Instructions for the task =
Begin at the top of the following data. Copy each line exactly until you have copied the line containing "Another view of".

Task material =
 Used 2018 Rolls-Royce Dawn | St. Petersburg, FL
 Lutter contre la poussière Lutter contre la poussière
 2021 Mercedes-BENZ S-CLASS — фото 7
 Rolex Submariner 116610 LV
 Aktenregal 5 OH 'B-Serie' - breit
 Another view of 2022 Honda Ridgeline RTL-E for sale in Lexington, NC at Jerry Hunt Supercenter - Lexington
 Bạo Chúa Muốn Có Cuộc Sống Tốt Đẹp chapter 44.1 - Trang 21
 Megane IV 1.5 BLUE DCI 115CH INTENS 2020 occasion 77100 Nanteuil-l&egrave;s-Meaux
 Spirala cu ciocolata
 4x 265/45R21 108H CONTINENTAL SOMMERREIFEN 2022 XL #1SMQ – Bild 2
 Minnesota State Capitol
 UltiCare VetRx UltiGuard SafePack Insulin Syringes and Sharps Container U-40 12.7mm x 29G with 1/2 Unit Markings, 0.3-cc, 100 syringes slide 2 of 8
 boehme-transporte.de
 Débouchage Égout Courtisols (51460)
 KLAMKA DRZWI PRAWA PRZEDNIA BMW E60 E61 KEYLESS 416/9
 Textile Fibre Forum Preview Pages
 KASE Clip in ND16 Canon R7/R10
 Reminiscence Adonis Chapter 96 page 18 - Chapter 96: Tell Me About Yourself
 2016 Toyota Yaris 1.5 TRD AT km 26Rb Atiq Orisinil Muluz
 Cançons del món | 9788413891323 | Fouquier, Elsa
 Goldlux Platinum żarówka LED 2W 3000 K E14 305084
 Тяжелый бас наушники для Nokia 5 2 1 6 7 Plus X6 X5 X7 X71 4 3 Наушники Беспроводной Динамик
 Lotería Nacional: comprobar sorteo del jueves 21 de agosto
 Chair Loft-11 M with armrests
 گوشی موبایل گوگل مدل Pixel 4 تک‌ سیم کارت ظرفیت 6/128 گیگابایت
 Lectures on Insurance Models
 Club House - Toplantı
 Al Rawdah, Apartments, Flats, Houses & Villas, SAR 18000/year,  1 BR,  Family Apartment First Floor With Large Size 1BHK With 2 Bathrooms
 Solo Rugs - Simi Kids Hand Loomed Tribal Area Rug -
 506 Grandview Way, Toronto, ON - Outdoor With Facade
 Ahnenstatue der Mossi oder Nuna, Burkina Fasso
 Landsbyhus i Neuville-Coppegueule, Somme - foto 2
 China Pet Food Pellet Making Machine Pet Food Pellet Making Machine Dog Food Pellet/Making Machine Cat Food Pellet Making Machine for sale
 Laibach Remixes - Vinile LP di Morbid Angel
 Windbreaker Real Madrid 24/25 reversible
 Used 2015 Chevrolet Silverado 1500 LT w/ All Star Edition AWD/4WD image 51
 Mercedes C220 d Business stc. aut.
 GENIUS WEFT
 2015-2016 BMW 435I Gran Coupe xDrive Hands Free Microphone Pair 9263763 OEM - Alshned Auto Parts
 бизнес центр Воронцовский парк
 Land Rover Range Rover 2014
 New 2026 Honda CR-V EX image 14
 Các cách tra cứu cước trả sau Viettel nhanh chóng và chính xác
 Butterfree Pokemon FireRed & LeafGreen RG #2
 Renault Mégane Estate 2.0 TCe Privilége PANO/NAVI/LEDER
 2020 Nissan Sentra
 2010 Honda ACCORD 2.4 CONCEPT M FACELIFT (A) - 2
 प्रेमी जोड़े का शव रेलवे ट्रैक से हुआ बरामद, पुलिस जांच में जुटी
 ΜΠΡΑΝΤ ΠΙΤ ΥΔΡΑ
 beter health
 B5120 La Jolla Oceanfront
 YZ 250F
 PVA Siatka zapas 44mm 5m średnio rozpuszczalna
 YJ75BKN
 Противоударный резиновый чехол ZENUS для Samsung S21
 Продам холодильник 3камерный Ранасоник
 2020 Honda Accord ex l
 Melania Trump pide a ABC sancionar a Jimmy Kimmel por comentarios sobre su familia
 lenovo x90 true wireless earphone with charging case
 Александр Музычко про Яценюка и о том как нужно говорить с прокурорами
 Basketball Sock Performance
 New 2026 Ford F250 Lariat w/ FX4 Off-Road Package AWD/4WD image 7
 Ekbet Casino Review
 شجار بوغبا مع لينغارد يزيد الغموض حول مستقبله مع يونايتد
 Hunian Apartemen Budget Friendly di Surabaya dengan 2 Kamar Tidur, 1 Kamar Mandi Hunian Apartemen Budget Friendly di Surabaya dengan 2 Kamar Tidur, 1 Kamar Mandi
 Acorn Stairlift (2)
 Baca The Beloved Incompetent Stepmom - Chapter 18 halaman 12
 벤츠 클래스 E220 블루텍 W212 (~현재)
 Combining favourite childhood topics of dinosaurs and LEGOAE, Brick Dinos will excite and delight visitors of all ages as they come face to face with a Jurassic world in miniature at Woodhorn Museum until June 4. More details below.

Task answer =
 Used 2018 Rolls-Royce Dawn | St. Petersburg, FL
 Lutter contre la poussière Lutter contre la poussière
 2021 Mercedes-BENZ S-CLASS — фото 7
 Rolex Submariner 116610 LV
 Aktenregal 5 OH 'B-Serie' - breit
 Another view of 2022 Honda Ridgeline RTL-E for sale in Lexington, NC at Jerry Hunt Supercenter - Lexington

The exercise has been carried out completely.